WHAT TO DO: Once you reach the line that holds "Old person, arms" in the listing below, output it and every line after it through the line that holds "A child wades", word for word.
─── DATA SUPPLIED
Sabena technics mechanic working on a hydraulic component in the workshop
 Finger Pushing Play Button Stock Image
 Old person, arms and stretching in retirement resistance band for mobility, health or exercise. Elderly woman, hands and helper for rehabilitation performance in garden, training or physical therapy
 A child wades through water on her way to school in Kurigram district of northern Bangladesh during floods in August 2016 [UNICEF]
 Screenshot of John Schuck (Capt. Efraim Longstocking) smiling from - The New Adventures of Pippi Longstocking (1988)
──────
ANSWER BOX:
 Old person, arms and stretching in retirement resistance band for mobility, health or exercise. Elderly woman, hands and helper for rehabilitation performance in garden, training or physical therapy
 A child wades through water on her way to school in Kurigram district of northern Bangladesh during floods in August 2016 [UNICEF]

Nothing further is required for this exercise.